L’acquisto non sarà infatti gestito direttamente dalla Commissione Europea, ma sarà affidato alle scelte delle singole aziende private europee
Riguardo ai 750 miliardi di euro in risorse energetiche – petrolio, gas e nucleare – che gli Stati Uniti prevedono di esportare verso l'Unione Europea nell’arco di tre anni, un alto funzionario dell’Ue con sede a Bruxelles ha chiarito che non si tratta di un obbligo formale per l’Unione. L’acquisto non sarà infatti gestito direttamente dalla Commissione Europea, ma sarà affidato alle scelte delle singole aziende private europee.

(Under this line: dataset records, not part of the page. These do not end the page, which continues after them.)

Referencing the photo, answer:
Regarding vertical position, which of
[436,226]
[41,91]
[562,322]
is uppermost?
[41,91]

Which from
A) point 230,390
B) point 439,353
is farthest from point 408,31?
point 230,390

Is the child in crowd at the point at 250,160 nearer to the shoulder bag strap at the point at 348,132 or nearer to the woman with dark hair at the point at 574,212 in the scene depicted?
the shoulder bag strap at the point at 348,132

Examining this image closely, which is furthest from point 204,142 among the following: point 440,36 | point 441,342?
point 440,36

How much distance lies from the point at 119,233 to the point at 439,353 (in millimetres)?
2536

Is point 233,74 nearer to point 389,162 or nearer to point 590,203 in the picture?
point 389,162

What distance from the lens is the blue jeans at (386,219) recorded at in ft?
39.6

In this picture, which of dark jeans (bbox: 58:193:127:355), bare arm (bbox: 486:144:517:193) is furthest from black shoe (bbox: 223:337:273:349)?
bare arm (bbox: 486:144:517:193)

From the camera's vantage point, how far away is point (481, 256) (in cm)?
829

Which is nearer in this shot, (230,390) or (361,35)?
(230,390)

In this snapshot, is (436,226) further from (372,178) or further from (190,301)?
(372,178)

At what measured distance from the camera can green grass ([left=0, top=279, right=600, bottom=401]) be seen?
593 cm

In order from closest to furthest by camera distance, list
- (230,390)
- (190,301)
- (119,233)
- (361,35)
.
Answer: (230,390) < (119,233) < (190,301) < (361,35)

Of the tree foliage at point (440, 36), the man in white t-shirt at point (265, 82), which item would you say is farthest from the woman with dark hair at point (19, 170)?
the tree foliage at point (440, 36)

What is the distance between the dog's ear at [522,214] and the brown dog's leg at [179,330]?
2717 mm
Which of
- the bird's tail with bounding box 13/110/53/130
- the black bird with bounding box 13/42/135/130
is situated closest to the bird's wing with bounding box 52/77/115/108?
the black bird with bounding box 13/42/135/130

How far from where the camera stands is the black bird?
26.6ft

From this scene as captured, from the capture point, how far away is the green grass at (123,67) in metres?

Quella cifra rappresenta piuttosto una proiezione realistica, basata su un’analisi che considera l’obiettivo strategico dell’UE di ridurre la dipendenza energetica dalla Russia. “Crediamo che questi numeri siano raggiungibili – ha spiegato il funzionario – ma il risultato finale dipenderà da diversi fattori, come le infrastrutture disponibili e il tipo di fonte energetica trattata”. Alcune di queste, infatti, sono legate a contratti a lungo termine, mentre altre vengono scambiate nei mercati spot. In ogni caso, ha sottolineato, “non si tratta di stime fantasiose, ma di valutazioni fondate sulle reali esigenze energetiche dell’Unione Europea”.